# Taking puppy home tomorrow - tips for car ride?



## Mommytofour (Jan 21, 2013)

We are picking up our 10 week old little girl tomorrow. I have about a 2.5 hour car ride to get her home from the breeders. My dad is driving with me so I won't be alone (this is a nice bonus for some " retro " father daughter time). Any words of advice, caution, etc? She hasn't really been crated at the breeders (x-pen) and has only had some brief car rides to the vet. Thanks!
Bev (from northern nj)

Sent from Petguide.com Free App


----------



## TilliesMom (Sep 30, 2010)

bring towels and hold her on your lap. has she ever been in a car?

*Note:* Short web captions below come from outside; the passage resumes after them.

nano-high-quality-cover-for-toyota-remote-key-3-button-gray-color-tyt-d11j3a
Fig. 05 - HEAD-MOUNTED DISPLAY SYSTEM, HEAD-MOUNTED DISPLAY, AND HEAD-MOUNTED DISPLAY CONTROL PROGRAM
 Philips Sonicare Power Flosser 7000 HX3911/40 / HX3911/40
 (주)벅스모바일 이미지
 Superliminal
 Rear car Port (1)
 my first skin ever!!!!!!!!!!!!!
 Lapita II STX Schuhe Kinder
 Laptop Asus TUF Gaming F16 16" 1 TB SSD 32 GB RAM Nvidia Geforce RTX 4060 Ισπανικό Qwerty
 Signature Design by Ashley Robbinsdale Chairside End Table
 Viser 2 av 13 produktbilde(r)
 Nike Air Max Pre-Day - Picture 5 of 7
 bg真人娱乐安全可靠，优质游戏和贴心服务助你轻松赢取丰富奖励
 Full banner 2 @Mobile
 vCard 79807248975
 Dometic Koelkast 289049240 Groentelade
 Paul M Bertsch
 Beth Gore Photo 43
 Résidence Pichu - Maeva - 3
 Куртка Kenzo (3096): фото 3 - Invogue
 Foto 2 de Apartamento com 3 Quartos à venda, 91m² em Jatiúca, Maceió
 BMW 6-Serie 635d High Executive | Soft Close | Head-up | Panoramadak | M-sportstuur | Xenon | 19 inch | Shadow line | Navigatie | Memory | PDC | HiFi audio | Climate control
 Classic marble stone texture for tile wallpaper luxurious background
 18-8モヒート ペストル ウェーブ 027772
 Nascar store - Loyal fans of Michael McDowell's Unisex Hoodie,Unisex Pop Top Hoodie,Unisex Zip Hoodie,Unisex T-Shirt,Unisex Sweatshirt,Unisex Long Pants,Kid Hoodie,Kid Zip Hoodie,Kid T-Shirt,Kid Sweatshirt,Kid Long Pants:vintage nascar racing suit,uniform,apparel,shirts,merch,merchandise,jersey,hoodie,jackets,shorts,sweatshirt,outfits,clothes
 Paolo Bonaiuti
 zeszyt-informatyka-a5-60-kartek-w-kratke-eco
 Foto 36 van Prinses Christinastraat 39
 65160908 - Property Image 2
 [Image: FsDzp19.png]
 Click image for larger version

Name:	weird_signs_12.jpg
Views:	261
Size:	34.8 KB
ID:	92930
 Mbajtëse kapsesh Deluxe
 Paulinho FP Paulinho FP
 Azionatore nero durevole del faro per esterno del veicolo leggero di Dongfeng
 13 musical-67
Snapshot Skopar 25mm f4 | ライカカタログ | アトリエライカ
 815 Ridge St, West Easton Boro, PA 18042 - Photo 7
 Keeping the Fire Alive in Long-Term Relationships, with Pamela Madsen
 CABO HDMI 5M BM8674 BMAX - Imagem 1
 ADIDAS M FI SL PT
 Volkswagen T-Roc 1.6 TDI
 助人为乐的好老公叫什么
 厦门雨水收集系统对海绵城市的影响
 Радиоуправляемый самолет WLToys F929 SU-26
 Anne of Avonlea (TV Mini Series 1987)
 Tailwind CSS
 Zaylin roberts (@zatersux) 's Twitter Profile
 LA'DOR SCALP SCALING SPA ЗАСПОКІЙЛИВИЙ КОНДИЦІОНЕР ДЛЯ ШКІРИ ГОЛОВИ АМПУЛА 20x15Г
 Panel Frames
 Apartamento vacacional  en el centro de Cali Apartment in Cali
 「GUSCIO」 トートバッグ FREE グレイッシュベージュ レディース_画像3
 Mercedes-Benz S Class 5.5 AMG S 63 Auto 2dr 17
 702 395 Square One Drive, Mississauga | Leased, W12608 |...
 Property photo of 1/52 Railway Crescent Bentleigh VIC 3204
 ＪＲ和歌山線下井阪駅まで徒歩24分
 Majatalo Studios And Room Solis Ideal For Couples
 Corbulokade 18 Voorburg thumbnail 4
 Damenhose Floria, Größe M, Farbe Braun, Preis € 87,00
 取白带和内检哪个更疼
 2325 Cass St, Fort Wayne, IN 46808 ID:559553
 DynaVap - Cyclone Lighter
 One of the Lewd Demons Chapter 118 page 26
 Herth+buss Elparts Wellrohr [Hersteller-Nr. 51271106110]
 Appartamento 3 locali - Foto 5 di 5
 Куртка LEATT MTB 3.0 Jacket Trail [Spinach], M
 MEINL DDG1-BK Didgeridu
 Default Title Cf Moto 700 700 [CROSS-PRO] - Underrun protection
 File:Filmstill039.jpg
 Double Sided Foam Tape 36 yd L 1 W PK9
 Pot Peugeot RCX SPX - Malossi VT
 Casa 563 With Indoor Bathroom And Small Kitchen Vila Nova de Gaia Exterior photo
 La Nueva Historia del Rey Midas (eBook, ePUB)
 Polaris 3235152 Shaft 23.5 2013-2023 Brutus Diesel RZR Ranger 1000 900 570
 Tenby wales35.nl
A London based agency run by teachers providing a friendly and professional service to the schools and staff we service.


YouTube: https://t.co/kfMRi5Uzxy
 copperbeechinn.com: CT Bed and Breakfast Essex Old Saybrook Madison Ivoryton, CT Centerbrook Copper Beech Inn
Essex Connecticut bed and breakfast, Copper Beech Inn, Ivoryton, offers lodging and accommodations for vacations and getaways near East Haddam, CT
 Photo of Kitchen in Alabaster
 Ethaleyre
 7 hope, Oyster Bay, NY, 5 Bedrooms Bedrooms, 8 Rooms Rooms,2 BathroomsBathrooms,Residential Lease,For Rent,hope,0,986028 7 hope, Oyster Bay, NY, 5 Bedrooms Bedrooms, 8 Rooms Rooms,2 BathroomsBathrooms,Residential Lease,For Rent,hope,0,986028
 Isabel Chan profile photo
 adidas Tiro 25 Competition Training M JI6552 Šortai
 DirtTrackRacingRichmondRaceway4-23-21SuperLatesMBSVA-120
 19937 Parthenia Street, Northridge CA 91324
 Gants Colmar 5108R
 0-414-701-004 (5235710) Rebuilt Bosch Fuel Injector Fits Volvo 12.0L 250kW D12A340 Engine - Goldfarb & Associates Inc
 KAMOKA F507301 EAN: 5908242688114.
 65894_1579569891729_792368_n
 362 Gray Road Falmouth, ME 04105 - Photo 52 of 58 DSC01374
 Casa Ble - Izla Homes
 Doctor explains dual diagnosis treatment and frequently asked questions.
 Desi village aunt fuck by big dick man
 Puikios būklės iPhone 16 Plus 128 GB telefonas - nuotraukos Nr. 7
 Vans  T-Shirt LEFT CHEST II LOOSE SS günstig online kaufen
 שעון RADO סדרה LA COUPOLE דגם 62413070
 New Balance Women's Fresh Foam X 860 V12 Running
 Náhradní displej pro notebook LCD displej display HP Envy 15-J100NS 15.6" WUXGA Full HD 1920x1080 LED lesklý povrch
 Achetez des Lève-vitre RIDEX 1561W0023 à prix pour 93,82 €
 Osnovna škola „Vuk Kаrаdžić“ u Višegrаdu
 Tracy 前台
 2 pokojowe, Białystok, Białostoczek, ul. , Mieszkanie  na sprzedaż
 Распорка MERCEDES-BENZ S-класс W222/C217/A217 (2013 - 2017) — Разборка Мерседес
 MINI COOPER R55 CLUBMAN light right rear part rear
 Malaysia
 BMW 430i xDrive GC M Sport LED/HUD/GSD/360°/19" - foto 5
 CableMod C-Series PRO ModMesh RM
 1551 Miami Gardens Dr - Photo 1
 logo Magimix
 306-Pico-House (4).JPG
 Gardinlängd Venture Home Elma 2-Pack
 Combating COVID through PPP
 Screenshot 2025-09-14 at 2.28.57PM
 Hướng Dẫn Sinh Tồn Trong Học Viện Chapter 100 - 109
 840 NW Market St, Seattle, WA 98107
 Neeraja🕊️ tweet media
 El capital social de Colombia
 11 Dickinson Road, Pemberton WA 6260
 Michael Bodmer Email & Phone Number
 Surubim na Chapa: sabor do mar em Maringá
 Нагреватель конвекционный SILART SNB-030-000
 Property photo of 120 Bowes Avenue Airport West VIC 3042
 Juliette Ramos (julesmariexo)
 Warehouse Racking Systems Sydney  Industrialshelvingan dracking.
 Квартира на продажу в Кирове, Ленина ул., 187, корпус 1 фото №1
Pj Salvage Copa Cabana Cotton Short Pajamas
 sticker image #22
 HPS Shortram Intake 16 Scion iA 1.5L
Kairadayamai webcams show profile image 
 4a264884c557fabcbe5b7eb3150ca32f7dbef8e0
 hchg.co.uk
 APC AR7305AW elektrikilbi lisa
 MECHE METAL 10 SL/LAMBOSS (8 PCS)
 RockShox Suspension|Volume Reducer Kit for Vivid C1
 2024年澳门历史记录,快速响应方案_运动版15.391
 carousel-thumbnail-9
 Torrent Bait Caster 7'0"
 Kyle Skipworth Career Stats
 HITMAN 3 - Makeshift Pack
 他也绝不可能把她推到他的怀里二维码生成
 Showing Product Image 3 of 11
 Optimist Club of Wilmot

we had a 10 hour drive home after we got our hav... with 2 kids also. lol

HAVE FUN!!!!


----------



## HavaneseSoon (Nov 4, 2008)

I second the towels and letting her sit in your lap. She will bond with you faster. Don't forget the collar and leash so she can pee or poo. Make sure she is not fed that morning (prior to picking her up). Snuggle pup up in something soft. Oh what fun! The memories of little pups......you have your work cut out for you for the next year! Happy times!


----------



## Beau's mom (Oct 6, 2011)

I had a friend drive when I picked up Beau -- so that we could snuggle and get to know each other (it was only an hour or so ride). It worked for me! And, strangely I think -- he also bonded with my friend who drove us!! He doesn't see her very often, but when he does, he is over-the-top excited. He doesn't whimper with joy for just anyone . . .

Have a great time!!!


----------



## DapperTuxedo (Apr 15, 2013)

Take a small blanket or towel to rub on Mommy and the other pups. Their smell will give your new pup a little bit of comfort/familiarity during an intimidating new experience. Be prepared for possible car sickness.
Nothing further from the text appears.